The Future of Systemic Therapy of Melanoma: Combinations, Predictive Biomarkers

Publication
Article
OncologyOncology Vol 29 No 2
Volume 29
Issue 2

While the last several decades saw a lack of progress in treatment outcomes in this setting, the outlook has recently changed dramatically, driven by a deepening understanding of melanoma biology and host immunology.

In the United States, it is estimated that 73,870 persons will be diagnosed with cutaneous melanoma in 2015, and that 9,940 will die from this disease.[1] The high death rate from melanoma approximates the incidence of metastatic disease, illustrating the challenges in controlling stage IV melanoma. However, while the last several decades saw a lack of progress in treatment outcomes in this setting, the outlook has recently changed dramatically, driven by a deepening understanding of melanoma biology and host immunology.[2,3] This progress at the molecular level has been translated in record time into the clinic, with the approval of new molecularly targeted agents (BRAF and MEK kinase inhibitors) and immune checkpoint modulators (cytotoxic T-lymphocyte antigen 4 [CTLA-4]– and programmed death 1 [PD-1]–blocking antibodies) that have resulted in unprecedented improvements in disease control and in the survival of patients with metastatic melanoma.

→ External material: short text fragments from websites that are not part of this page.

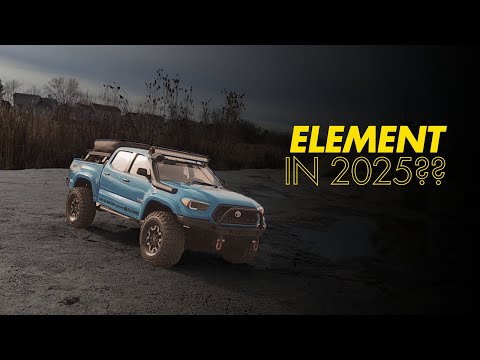 Element Enduro Knightrunner in 2025 – Still a Good 1/10 RC Crawler?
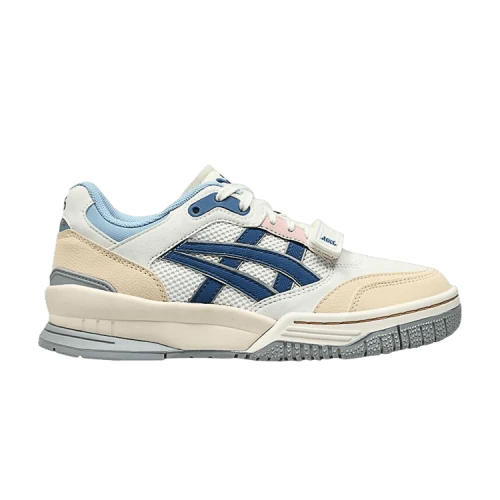 ASICS Gel Spotlyte V2 Low 'Cream White Blue'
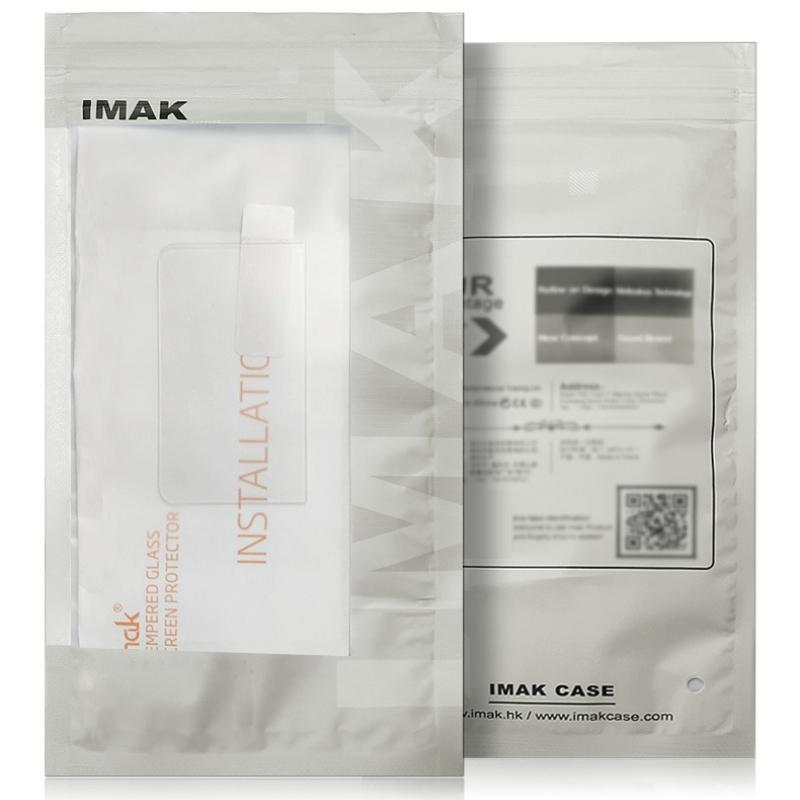 IMAK Tempered Glass for insta360 Mic Pro Screen Protector Film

The finding, in the late 1990s, that high-dose bolus interleukin-2 (IL-2) could produce durable responses in about 5% of patients provided the first evidence that metastatic melanoma could potentially be cured with immunotherapy. Ipilimumab was the first immunotherapeutic agent to demonstrate an overall survival benefit in a randomized phase III trial in metastatic melanoma.[4] In a recent analysis of 1,861 melanoma patients treated with ipilimumab in clinical trials, 22% lived 3 years or longer.[5] Targeting PD-1 and its ligand (PD-L1) in clinical trials followed a similar path, leading to approval by the US Food and Drug Administraion (FDA) of two potent and highly selective humanized monoclonal antibodies (mAbs), pembrolizumab and nivolumab.[6,7] These agents have demonstrated an unprecedented rate of durable responses as monotherapy, ranging from 20% to 40%. In addition, combination immunotherapy appears very promising. An impressive 2-year survival rate of 79% was recently reported in an update of the nivolumab-ipilimumab phase I combination trial,[8] and combinations pairing anti–CTLA-4 and anti–PD-1 mAbs with other immunotherapy agents have demonstrated significant results, leading to randomized trials.[9-11]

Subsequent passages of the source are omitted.